That deja vu feeling of having done something before surrounds the latest United Fund of Surry campaign, which has the same goal as last year — $475,000 — and organizers hoping for the same successful result.
In late April, United Fund officials and supporters celebrated a $490,000 total raised for 2017-2018, but that slate has been wiped clean with the beginning of the 2018-19 campaign.
It kicked off last Saturday with the annual Downtown Rocks & Runs event, and now fund organizers are buckling down for a major push to provide vital financial support to 26 different member agencies serving the community.
Those range from rescue squads to a homeless shelter and scouting organizations.
Music festival planned
The 2018-19 campaign already is eyeing one obstacle compared to last year, according to Merry Craig Boaz, United Fund executive director.
“We’ve had some changes in grant monies that we have gotten for years,” Boaz said Friday, which has left the United Fund trying to make up the shortfall.
“So one thing we’re going to do this year is a music festival on Oct. 6,” she said.
The Granite City Rhythm and Brews event will be held at Veterans Memorial Park, featuring multiple musical groups, food trucks and beer trucks.
“It’s sort of a two-fold thing,” Boaz explained. “It’s another opportunity to fund-raise, also it’s a different kind of event — it’s something new we’re trying.”
Boaz says the music festival reflects the need for the United Fund to be more creative in its approaches. “The way people give is really changing,” she added, which requires new ways to reach the public.
Work sites a key
Aside from special events to raise money, the United Fund will be relying on its traditional methods.
“We still place a lot of emphasis on our workplace campaign,” Boaz said, which is the lifeblood of the United Fund each year.
About 60 percent of the monetary goal is achieved through that measure.
For the 2017-18 fundraising effort, 35 individual workplace campaigns were initiated throughout the county. More than 1,600 people participated in those efforts, either through designating a portion of their paychecks or by making one-time gifts.
Boaz specifically mentioned Altec Inc., a relatively new industry in Surry County which has become a key supporter of the United Fund.

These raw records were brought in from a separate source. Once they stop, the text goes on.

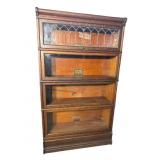OAK LEADED GLASS 4 STACKING BOOKCASE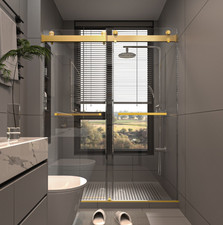 56-60''Wx76''H Brushed Gold Frameless Sliding Shower Door 3/8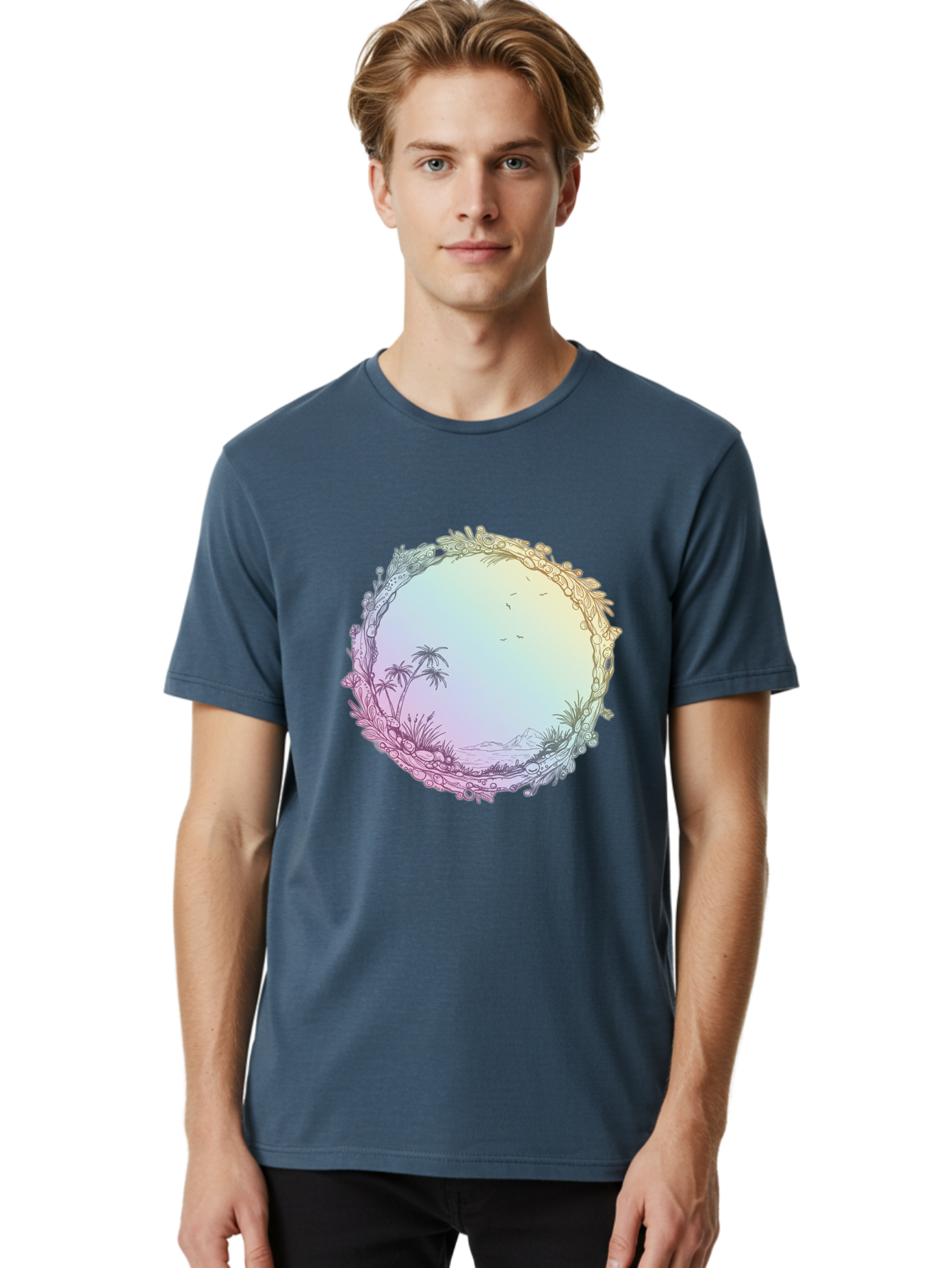 Tropical-Landscape Men'S Graphic Tee, 100% Cotton, Comfortable Casual Summer Wear, Machine Washable, Vintage Camera, Old Camera, Antique Camera, Black Camera, Classic Photography, Photography Equipment, Nostalgic Device, Film Camera, Baj280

Altec received the Pat Woltz Way to Glow Award for the campaign for mounting an employee effort demonstrating the most creativity, participation and commitment to the community. This resulted in a tripling of the number of employees participating and a 130-percent increase in total pledges from Altec.
“Those kinds of workplace campaigns are tremendous for us,” Boaz said Friday.
Civic clubs and other organizations also are targeted with the same idea in mind: that more funding impact can be made as a group rather than singularly, although the United Fund certainly welcomes any individual contributions.
In addition to contacts made by United Fund representatives, anyone interested in participating in workplace or other efforts is urged to be proactive by reaching out to Boaz or Will Sheppard, the chairman of this year’s campaign.
“I would encourage any local business or company to contact me in reference to a workplace campaign,” Boaz said.
This can be done via email at email@example.com.
Those wishing to support the United Fund also can call its office at (336) 789-3087 or direct general inquiries to firstname.lastname@example.org.
The 2018-2019 campaign will run until the end of March.